Can modern garbage collectors deal with almost full heaps? There is an urban legend that GC only shows good performance with 50% of memory free, which is certainly unacceptable for microcontrollers. Also, most garbage collectors require boxing which prevents tight packing of heap data. Are all these problems already solved somewhere? Jitter is the least important issue as there are a lot of works on realtime collectors.
Unfortunately I've no idea how the various GCs deal with the trade-offs; my point is that (memory bandwidth / memory size) in these embedded things is high enough that garbage-collection is fast, contrary to popular wisdom. I was looking at OCAPIC for an example, which has a very simple stop and copy gc which takes 1.5ms to collect. The trade-offs would have some 2× impact on some metric, but not change the feasibility of the thing.

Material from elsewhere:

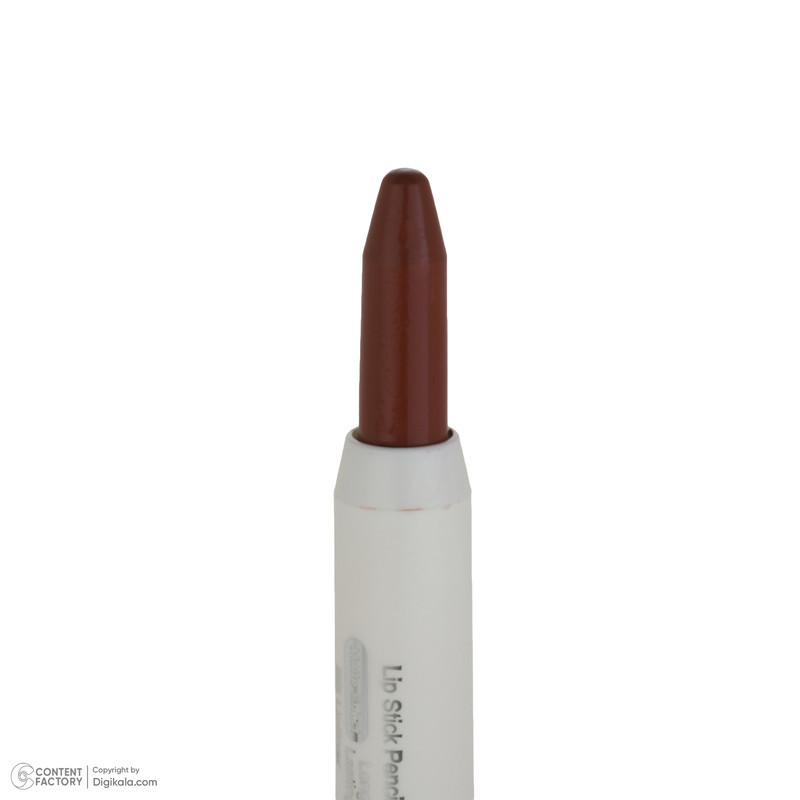 رژ لب مدادی فایتون مدل پیچی BB شماره 510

My point is that 2x slowdown is critical for many systems - embedded, gamedev, HPC, systems software. Controlled measurement of slow-down and heap slack caused by GC is beyond capabilities of most embedded devs. Academia provided us with some experimental results saying that in half-empty heaps GC is lightning fast, but there's no (recent) data for 90% full heaps and for very large heaps.
I mean high-performance implementations. Techniques to (statically) compile prototypes into efficient code were developed, but they are largely irrelevant to Javascript. High-performance modern implementations of JS rely on tracing JIT.
It is not necessary. With software replacement for MMU possible (see Singularity OS), hardly any hardware safety support is a requirement nowadays. TAL is the way to go - AFAIK it is possible to make plain x86 assembly dependently typable by attaching proof witnesses to EXE.
Well, BitC is not too popular either. Another interesting experiment is Sing#/Singularity, which is a successful attempt to get IO performance of FreeBSD despite designing whole OS in modified dependently-typed C# with usual JIT and garbage collection. The question whether GC is applicable in memory-constrained environments is still open - I couldn't find a single research in this direction.